Lotissement, note d’intention

Au départ, il y a un titre : Lotissement. Avant les mots, il y a un lieu. Le lotissement, c’est la sensation d’un espace blanc. Une étendue : des rectangles, des carrés, des figures qui, alignés, seraient ce lotissement. Un ensemble de maisons dans lesquelles se joue l’intime. Ce qui m’intéresse toujours, c’est d’abord l’espace et c’est de cet espace que peut naître le théâtre. Dans le texte de Frédéric Vossier, il est question d’une maison et plus précisément de la chambre du fils. La chambre comme seul lieu du drame. La chambre du fils comme alcôve unique. L’extérieur restera toujours un fantasme, un ailleurs, l’inconnu. Le texte m’évoque cette sensation de zoom vers l’intérieur : du lotissement vers la maison, de la maison vers la chambre, de la chambre vers les écrans évoqués sans cesse ; un zoom dans l’intime. La maison. Cet espace, j’ai choisi de le figurer par des lignes blanches tracées au sol : un dedans et un dehors dans une abstraction totale qui permettra au spectateur de se projeter vers un espace plus mental, celui des personnages. Il y a la lumière, minimale. La lumière des néons, la lumière des lotissements la nuit, la lumière des parkings, celle du frigo, une lumière crue entre clair et obscur, entre visible et invisible, entre l’intérieur et l’extérieur. J’ai travaillé sur des formes simples afin que tout participe de l’univers du texte, en utilisant les outils propres au théâtre — jeu, espace, son, lumière — sans hiérarchisation aucune.
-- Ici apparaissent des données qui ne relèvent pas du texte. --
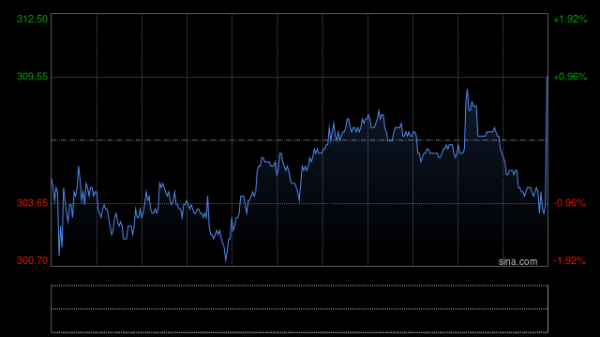 云天华成 泡泡玛特早盘涨超6%创新高 上半年经调整净利同比增长3.6倍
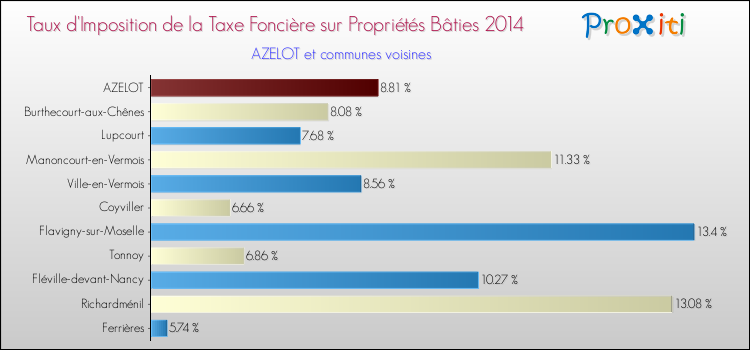 Taux d'imposition de la taxe foncière sur le bati 2014 pour AZELOT et les communes proches Comparaison des taux d'imposition de la taxe foncière sur le bati 2014 pour AZELOT et les communes voisines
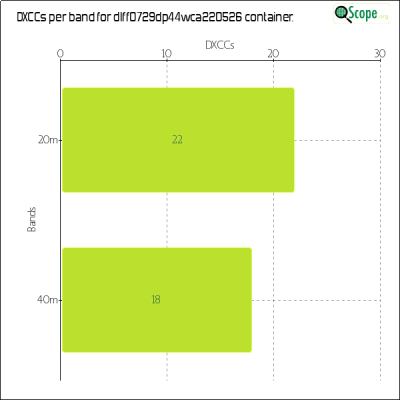 charts/df6ex_75f5e6766a5c8b02be2a5fd7e17bc052/dlff0729dp44wca220526/DXCCBandsChart.png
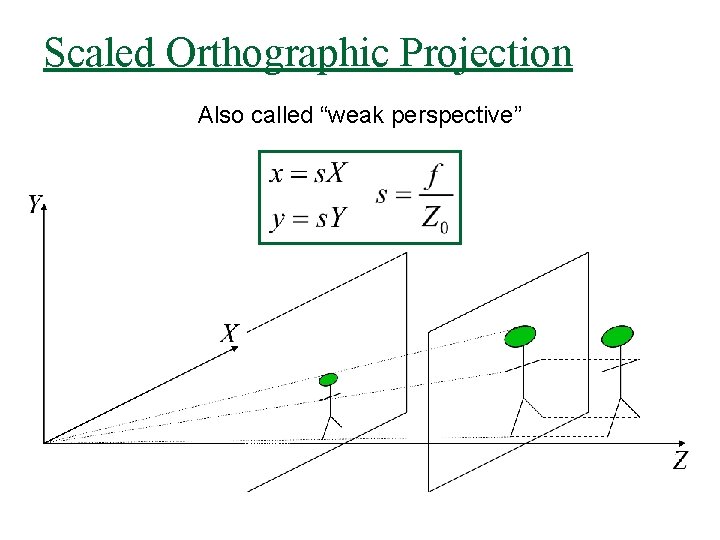 Scaled Orthographic Projection Also called “weak perspective” 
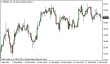 brent-04032015-5.png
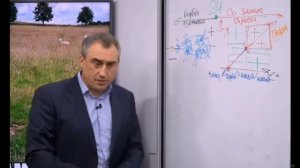 день 1 НИКОЛАЙ САПСАН РЕВИЗИЯ ЖИЗНИ ,ПЕРЕЗАГРУЗКА- определяем роль и позицию в жизни и бизнесе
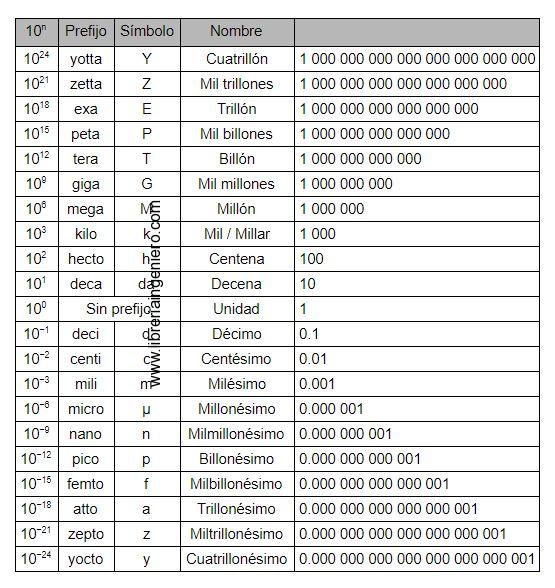 Tabla de multiplos y submultiplos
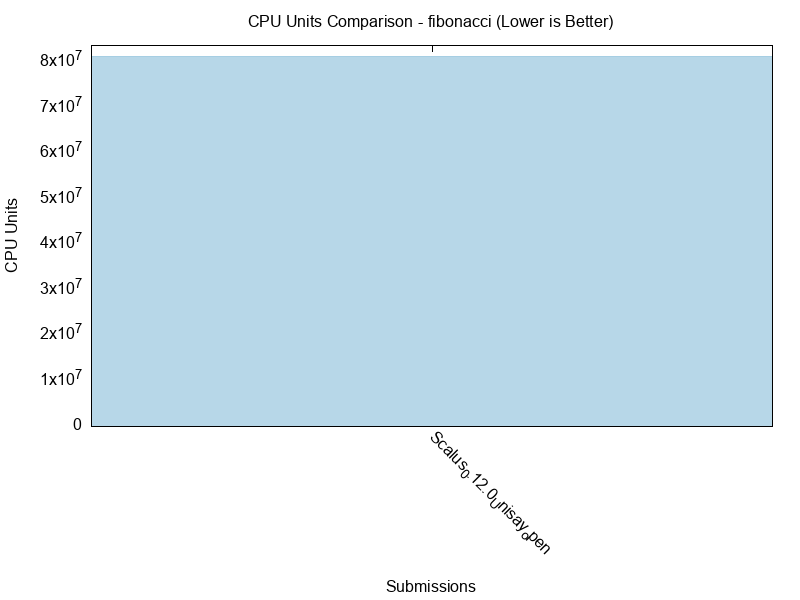 CPU Units comparison for fibonacci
J’ai souhaité créer des silhouettes hiératiques d’où naissent les mots.
Tommy Milliot

Texte : Frédérique Vossier
Mise en scène et scénographie : Lumière Tommy Milliot
Avec Eye Haidara Miglen Mirtchev Isaie Sultan
Dramaturgie et voix : Sarah Cillaire
Images vidéo : Vlad Chirita
Régie lumière : James Groguelin
Régie son et vidéo : Gaëlle Hispard
Photo : Alain Fonteray
Production : Man Haast

Soutien CENTQUATRE-PARIS, Montévidéo - Marseille, Région île de France, La Loge, Le carreau du Temple

Man Haast

La compagnie, créée en 2014 par Tommy Milliot, privilégie les écritures contemporaines. Dans chacune des créations, l’espace vide constitue le point de départ. De cet espace peut naître le théâtre : avec la lumière comme matière tantôt visible, tantôt invisible, et avec les mots comme matière tantôt sonore, tantôt résonance. Il s’agit chaque fois de chercher à densifier des formes scéniques simples à l’aide d’outils propres au théâtre (son, lumière, jeu et vidéo). La recherche plastique du dispositif et la dramaturgie du projet s’effectuent en amont, le travail se portant ensuite sur la relation corps des acteurs - espace - lumière – spectateur.